The International Development Association, IDA, is the World Bank’s Fund for the Poorest Countries. IDA complements the World Bank’s original lending arm’the International Bank for Reconstruction and Development (IBRD). IBRD and IDA share the same staff and headquarters and evaluate projects with the same rigorous standards.
Established in 1960, IDA aims to reduce poverty by providing loans (called ‘credits’) and grants for programmes that boost economic growth, reduce inequalities, and improve people’s living conditions. IDA provides support for health and education, infrastructure and agriculture, and economic and institutional development to the 81 least developed countries’39 of them in Africa. These countries are home to 2.5 billion people, 1.8 billion of whom survive on $2 a day or less.
IDA lends money on concessional terms. IDA charges little or no interest and repayments are stretched over 25 to 40 years, including a 5- to 10-year grace period. IDA also provides grants to countries at risk of debt distress. In addition to concessional loans and grants, IDA provides significant levels of debt relief through the Heavily Indebted Poor Countries (HIPC) Initiative and the Multilateral Debt Relief Initiative (MDRI).
Since its inception, IDA has supported activities in 108 countries.

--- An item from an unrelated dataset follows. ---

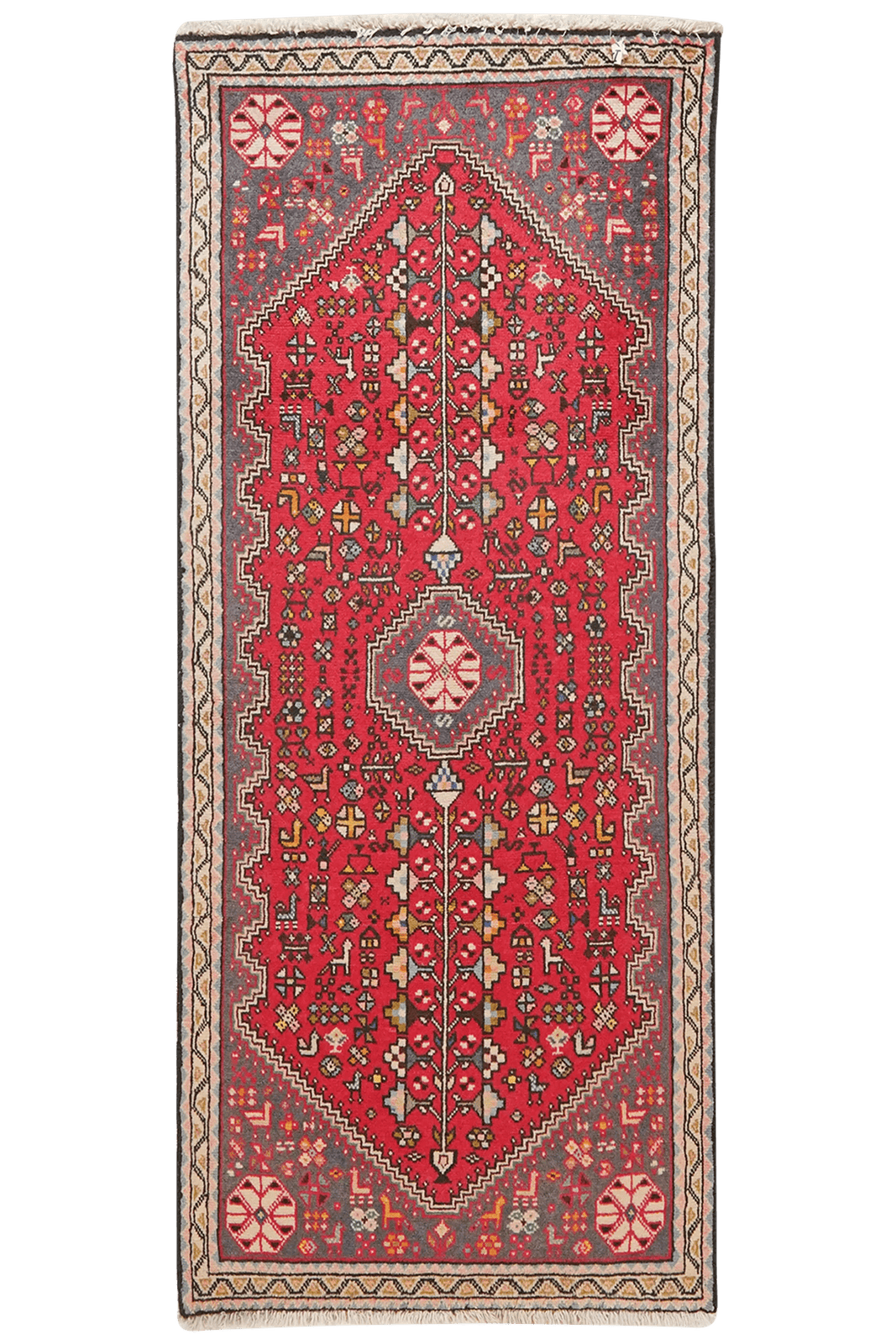 Abadeh — Hand-knotted, 62x147 cm, Red, 100% Virgin Wool | Main view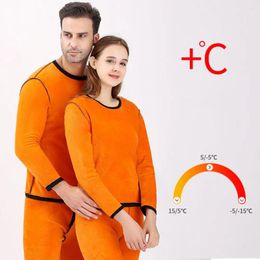 Men's Thermal Underwear Men Set Unisex Winter Warm Thick Fleece Lined Long Sleeve Pyjama For Homewear Weather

Annual commitments have increased steadily and averaged about $15 billion over the last three years, with about 50 per cent of that going to Africa. For the fiscal year ending on June 30, 2012, IDA commitments reached $14.8 billion spread over 160 new operations. 15 per cent of the total was committed on grant terms.
The International Fund for Agricultural Development (IFAD), a specialized agency of the United Nations, was established as an international financial institution in 1977 as one of the major outcomes of the 1974 World Food Conference. IFAD’s headquarters are located at Rome, Italy. The conference was organized in response to the food crises of the early 1970s that primarily affected the Sahelian countries of Africa. It resolved that ‘an International Fund for Agricultural Development should be established immediately to finance agricultural development projects primarily for food production in the developing countries.’
IFAD is dedicated to eradicating rural poverty in developing countries. Seventy-five per cent of the world’s poorest people ‘1.4 billion women, children and men ‘ live in rural areas and depend on agriculture and related activities for their livelihoods.
IFAD’s goal is to empower poor rural women and men in developing countries to achieve higher incomes and improved food security.